Return, with both end lines included, exactly what the data below holds from the line with "Dispensador de sabão" through the line with "2nd image of", though not the pictures.

***** Task material

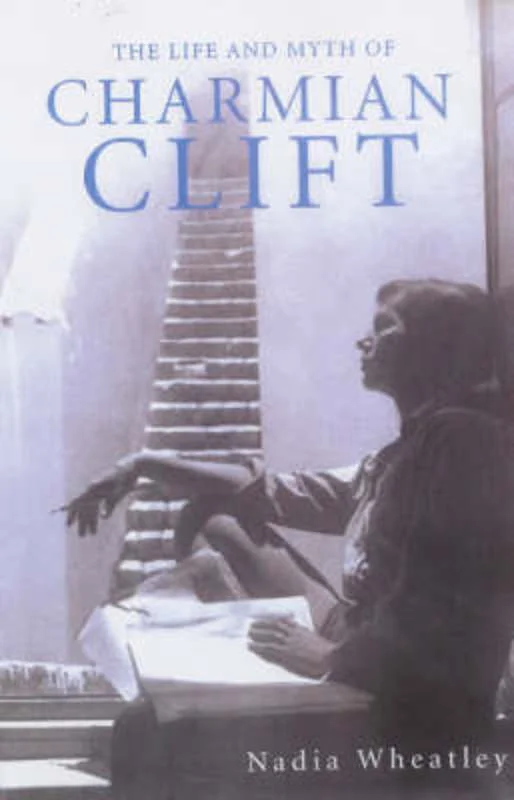 - Winter dog thick down jacketThe Life and Myth of Charmian Clift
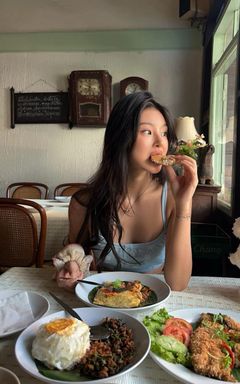 Идем на завтрак - girls only 🥯🥑🎀 cover
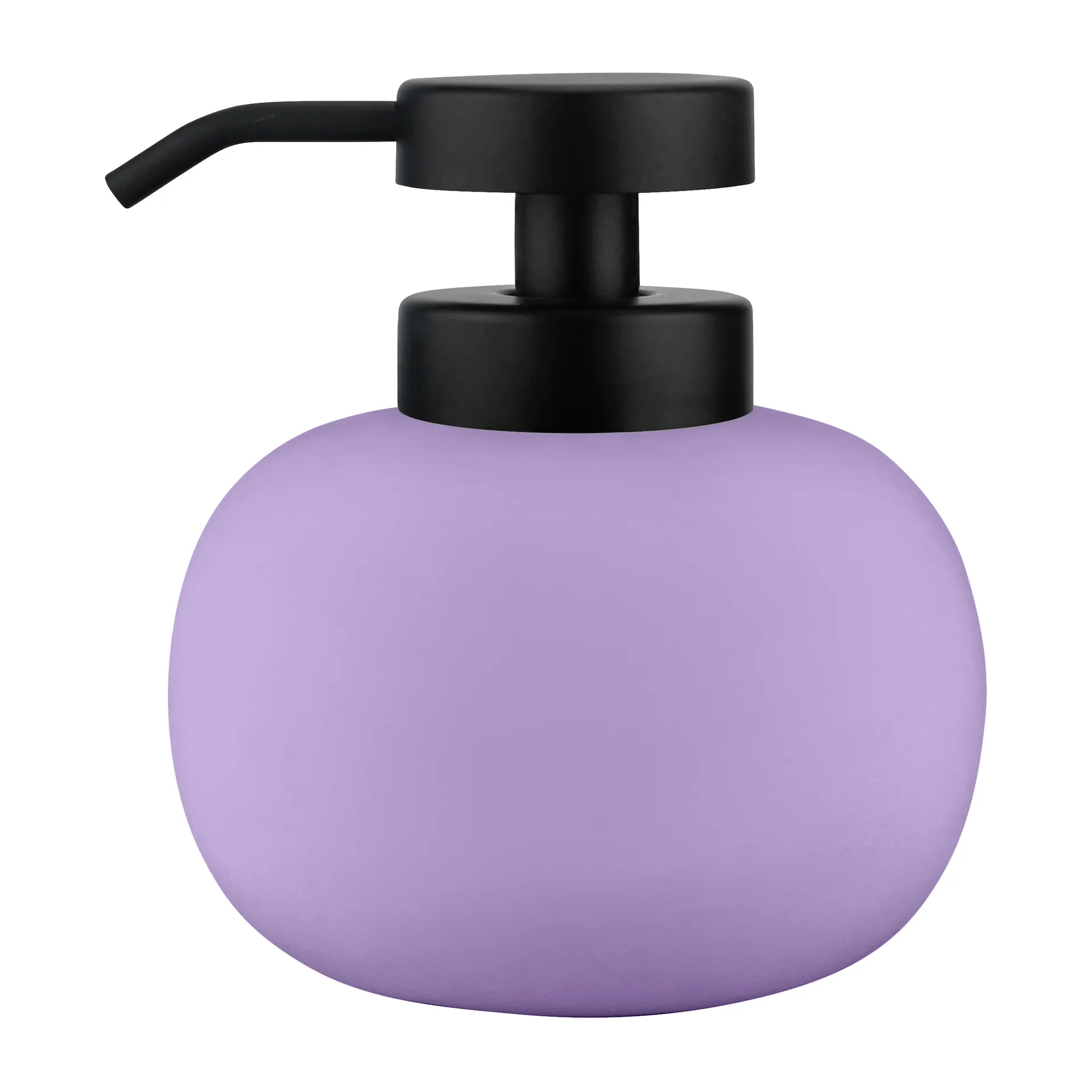 Dispensador de sabão Lotus, Luzlilac Mette Ditmer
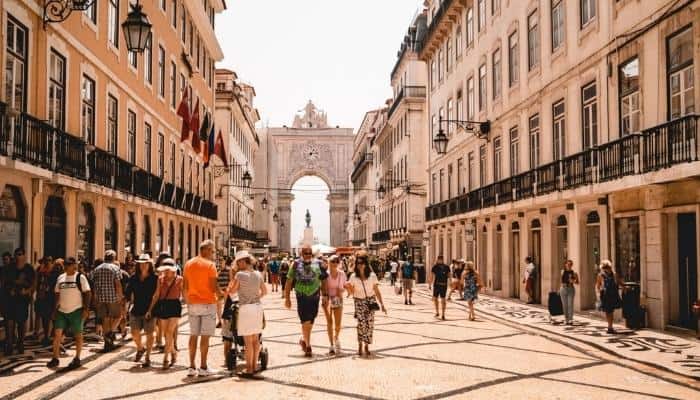 Cuộc sống Bồ Đào Nha - Điểm đến lý tưởng cho nhà đầu tư định cư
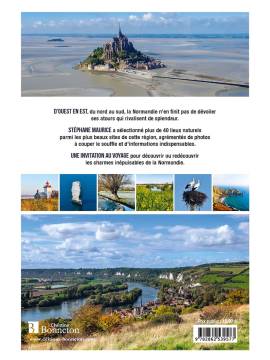 NORMANDIE PRODIGIEUSE LES PLUS BEAUX SITES NATURELS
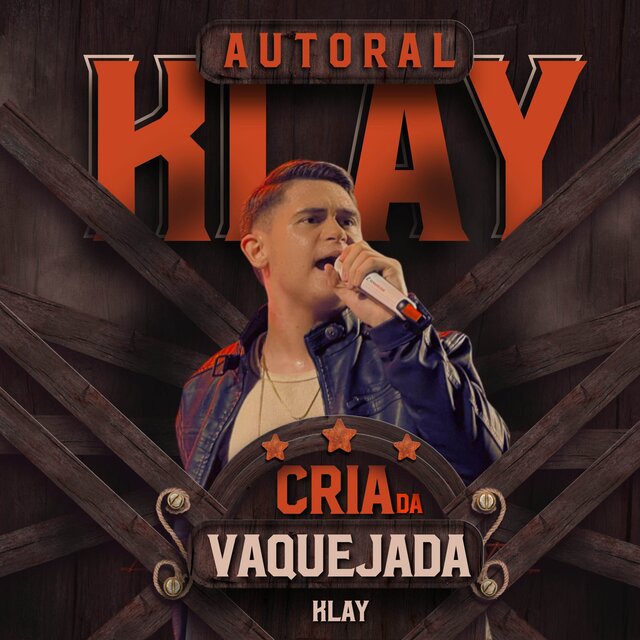 Cria Da Vaquejada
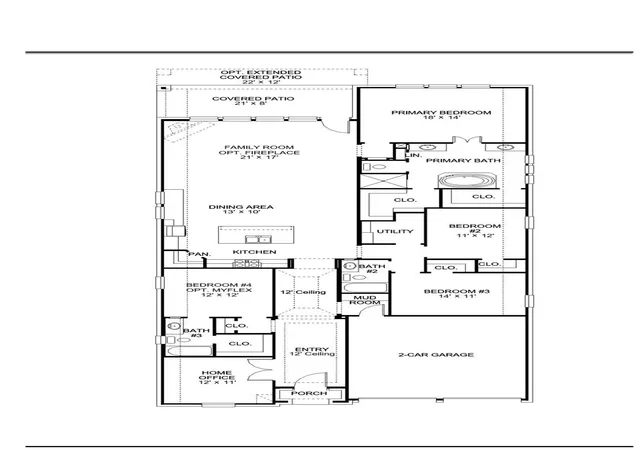 2nd image of 315 Texoma Plains Dr, Conroe, TX 77304 | MLS# 5962089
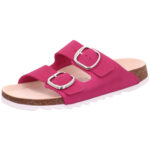 Legero - +Vios Clear - Damen Sandale - Raspberry Pink (Rot)
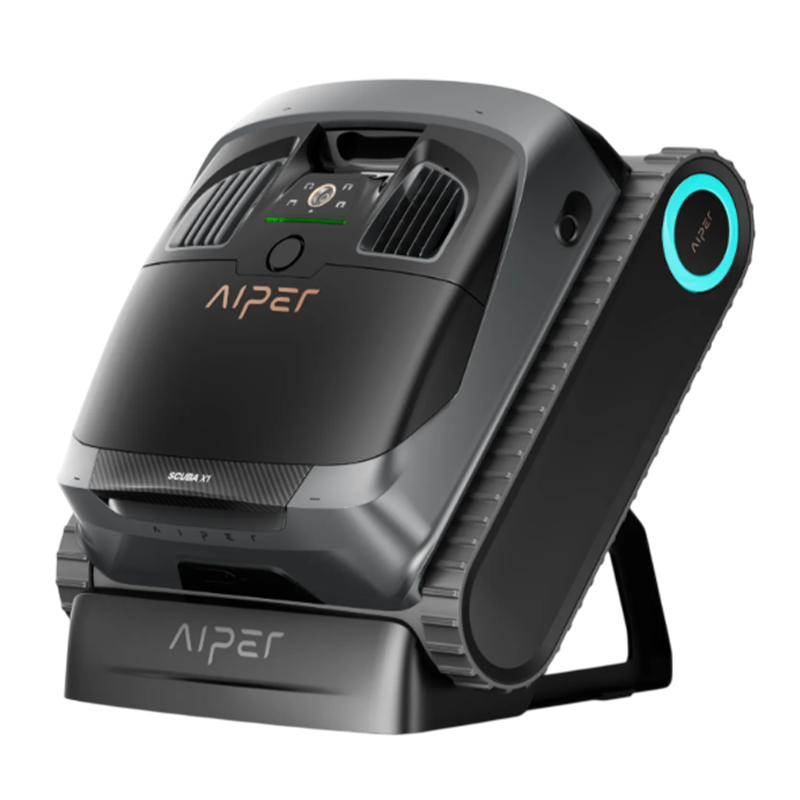 Pool cleaning robot AIPER SCUBA X1 — 2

**********

### The completed task
 Dispensador de sabão Lotus, Luzlilac Mette Ditmer
 Cuộc sống Bồ Đào Nha - Điểm đến lý tưởng cho nhà đầu tư định cư
 NORMANDIE PRODIGIEUSE LES PLUS BEAUX SITES NATURELS
 Cria Da Vaquejada
 2nd image of 315 Texoma Plains Dr, Conroe, TX 77304 | MLS# 5962089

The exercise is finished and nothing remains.